There was a soldier at the hitchhiking post, and when he saw me, probably three times the age of other trempistim (hitchhikers,) he immediately offered to help me check out the drivers offering rides. But in the end, he was amazed that some of those who stopped knew me by name, and I ended up getting a ride with someone I had once worked with. So, thank Gd I got home quite awhile before the bus, which doesn't go directly to Shiloh.

Then the next morning I had a much more complicated trip. I had originally checked it out and was confident that I could get to the large bus stop on the way to Elkana by taking the bus to Ariel and then transferring to another. That was before I discovered that there'd be a marathon in Ariel. Bus service inside Ariel wouldn't be back to "normal" until an hour or so after I needed to get to my destination.

I had no choice. I had to tremp or not go to our friend's azkara, memorial. Yes, I decided to hitchhike.

I walked to the main Shiloh bus stop, but nobody was going in the right direction. Finally I got a ride to a better corner. From there it took awhile until I got a ride with somebody going to Eli. Waiting on the road outside of Eli isn't all that great, but I felt that I had no choice. As you can see, there's construction going on, though not that day. They're changing the junction and probably adding traffic lights.

It took quite awhile for me to get a ride. Actually  I was about five minutes from crossing the street and trying to get home.

Someone was going just a few kilometers past where I needed. We bypassed Ariel because of the marathon. There were no buses on the road as we drove, which confirmed my suspicion that tremping was the only way for me that morning. Then I walked down to the place I'd be picked up for the azkara.

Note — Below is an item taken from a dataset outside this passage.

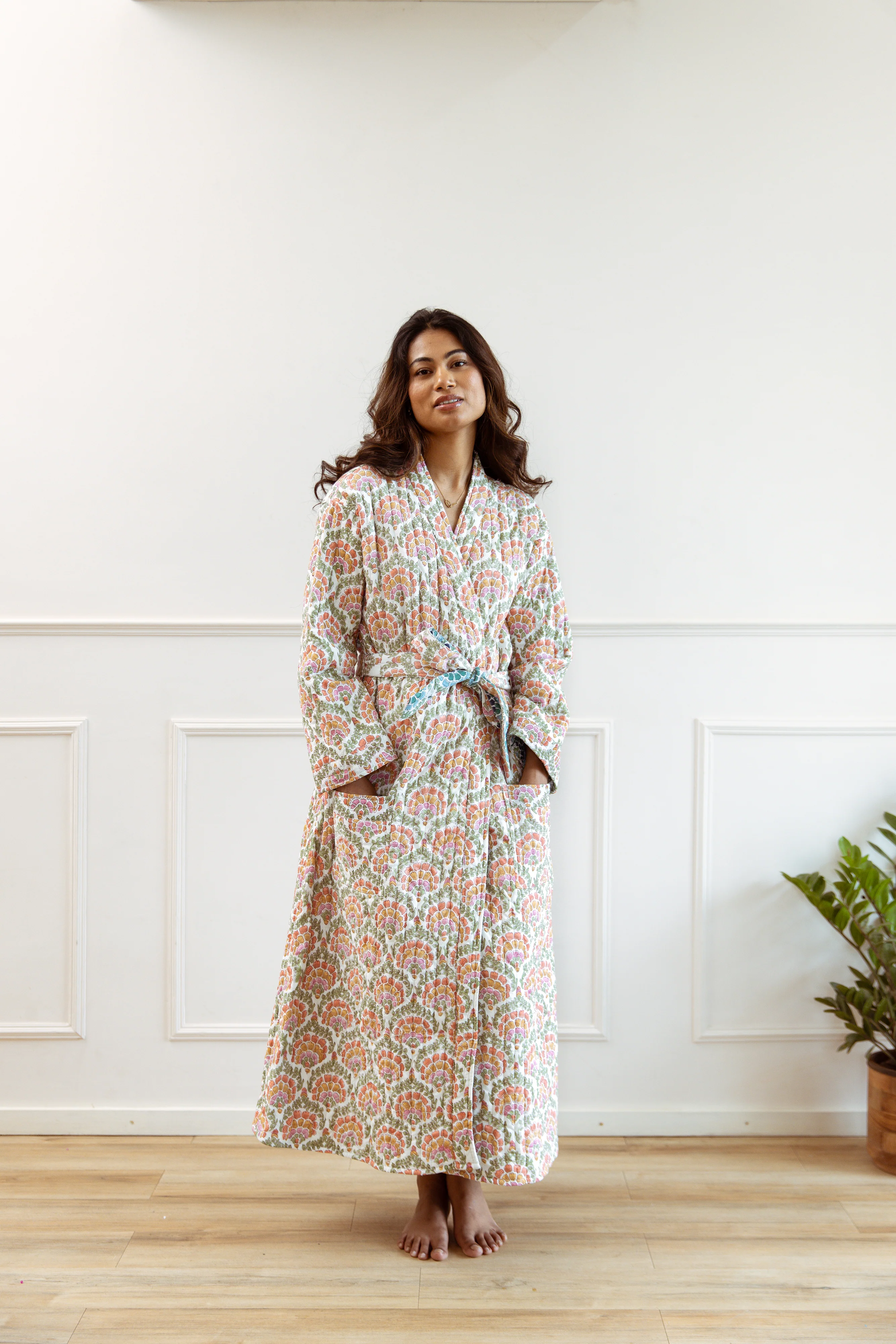 Luxury Quilted Hand Block Print Robe - Orange Fan Print - Happy Cabbage London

Going back home I had to do the trip in reverse, but there'd be bus service to/from Ariel. As we were driving to the bus stop, I realized that at best I'd just miss the bus home. But after all of my successful tremping that morning and the night before, I felt perfectly confident.

I checked the app and saw that there was an 86 to Ariel expected in a couple of minutes. I got off at the first stop in Ariel and then realized that those shopping and then driving to Shiloh wouldn't see me. The parking lot exit is further on. I should have gotten off at the next stop. So I began to walk there as quickly as I could, even though the air on that sidewalk was full of construction dust/sand. Suddenly I heard what could have been someone calling me. I stopped and turned around. It was an old friend. He asked what I was doing and then offered to take me to the last stop in Ariel, near the university, where it's easy to get a ride home.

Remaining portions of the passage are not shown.